Mums the Word

Paying Off the Midnight Waffles

Sunday, November 20, 2011

I confronted an officer of the United States Postal Service this morning. I spotted him a block away, casing the neighborhood one house at a time in a criss-cross pattern. He stopped at every door. Who is this man? What is his angle? When he approached, I was ready for him. I kept my eyes sealed to the peep hole. My right hand rested on the doorknob and my left held a gleaming tack-hammer. Nobody but nobody approaches the threshold of my domicile, not without a bag of low mein noodles. One step up towards the door and I was on him, staring him down the curb and into a puddle. “Identify yourself! Are you alone? Declare your purpose! Are you an operative of the government?”

The coward feigned ignorance and hysteria, he even left his ear-buds in and side-stepped my interrogation. He jammed a bundle of credit card offers into my hands and split. Discover, MasterCard, Citibank. They all want a taste. The buzzards are circling because they can smell my alpha-male credit. That's why I'm a mark. I run a high balance but never miss a payment. It's a blood sport. I never cared much for penny slots or gentleman's bets so forgive me for quoting Lady Gaga: "Russian Roulette ain't the same without a gun." There has to be skin in the game or I won't play. I won't be applying for any new credit cards as I am currently engaged in all out warfare with the bastards at Visa. They hosed me into a rotten deal years ago, tempting me into a life-debt with the promise of free airline miles. "Free" is a four-letter word that only rings true if you can't put a dollar sign on a pound of your own flesh.

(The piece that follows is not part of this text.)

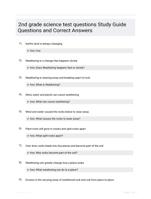2nd grade science test questions Study Guide Questions and Correct Answers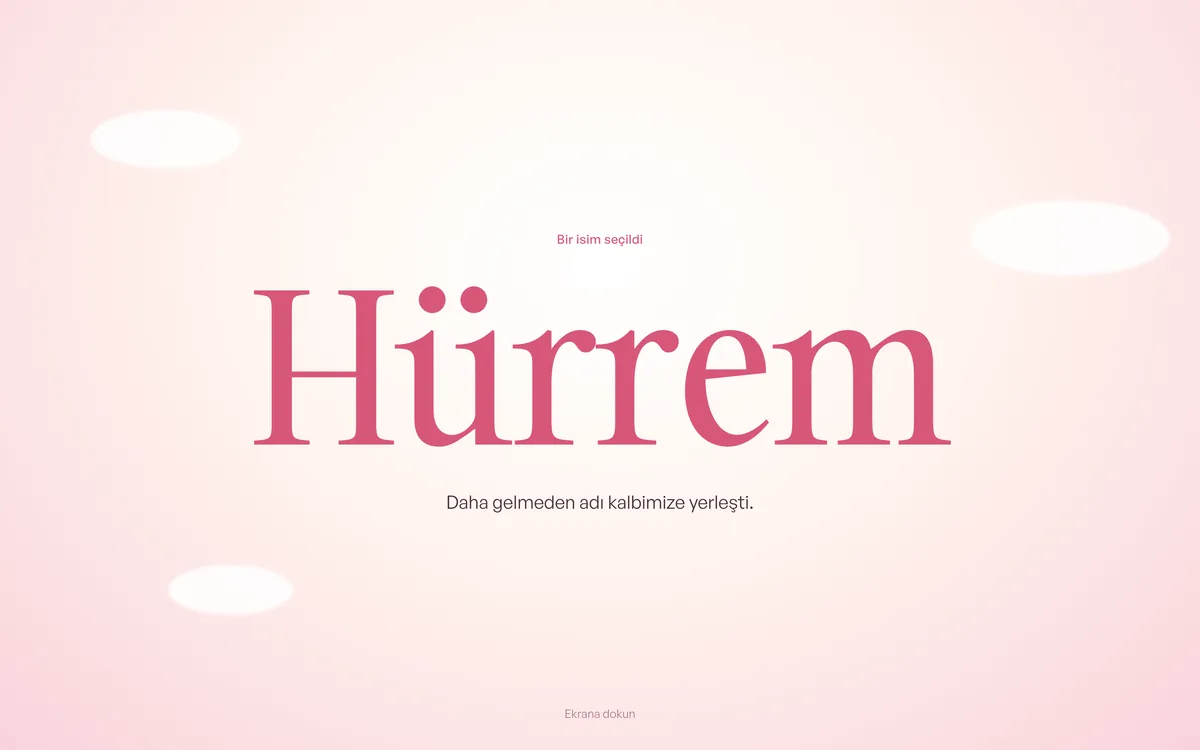Hürrem için bebek sayfası, bilgisayar görünümü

I shredded the envelopes and torched the scrappings in an iron pot. I was sweeping the ashes into bucket of bleach when Andy squawked. Bruner again, reminding me of the show tonight. He and his roommates produce and perform on these do-it-yourself comedy shows in nontraditional locations around Queens and Brooklyn. Last time they scribbled arrows on the sidewalk and performed in a boxing ring in Dumbo, trading quips instead of haymakers. For tonight, they rented the rock-star suite of a hotel in Long Island City. Admission is $20, and it's all you can drink. I wanted to go, but I had to be up early.

I declined the invitation with great regret. I'm missing too many of these, life swirls ever down the drain. Andy's alarm systems are set daily for 4 a,m. He dutifully wakes me up every day, and I habitually thank him by not pulverizing him against the radiator. I have to be up and cycling over the Queensboro Bridge by sunup or else the guests miss out on their eggs benedicts. That's what I do; I work room service at a five-star luxury hotel in Midtown. My job consists of delivering omelets and dark-roast coffee to celebrities and dot-com survivor stories. Divulging the identity of our guests is strictly prohibited. In fact, it's Service Standard #14 of our zeitgeist: "Be respectful of our guest's personal time and privacy, delivering service that does not interrupt or interfere with our guest's activities. Never approach a guest to request a favor, such as an autograph." I collect them anyway, having Andy snap a small grainy photograph of their signed room-service slips in case I ever need to forge a high-powered signature in a sensitive situation. You never know...but I do.

It's not a job, it's a prison sentence. I loathe the task of rushing breakfast to uppercrust elites with bulletproof bank accounts and Centurion Amex cards made out of anodized titanium. Alas, that's the mission. The hotel is an infant, barely one year old and deathly terrified of an old enemy: unionization. In an effort to thwart organized labor we all make money well over our position, including magical benefits like vacation pay, sick pay and health and dental insurance. I even get an eight-hour freebie just for having my birthday roll past on the calendar. It's the fourteenth job I've held in two years of living in New York City, and at this point it's a joyless chore, merely a means to an end.

The punishment is beyond harsh. My debt is the bastard child of carelessness and life in the moment. I should have been more careful, taken steps to have more money coming in than going out. Prescient of consequence, I did the wrong thing anyway. Life felt liquid, impossible to grasp and ever evaporating into the ether. Responsibility could wait, so I put it on the shelf to deal with at a better time that never came. Digging out was going to take some doing. I had to triage the whole situation and prioritize monotony and diligence over gut instinct and spontaneity. Every balance transfer is a minor victory, followed by a cash-poor hangover. The euphoria is short-lived when I'm paying interest on rounds of drinks and midnight waffles I vomited against the side of a bank four years ago, but I'm no Sisyphus. Parky shall prevail.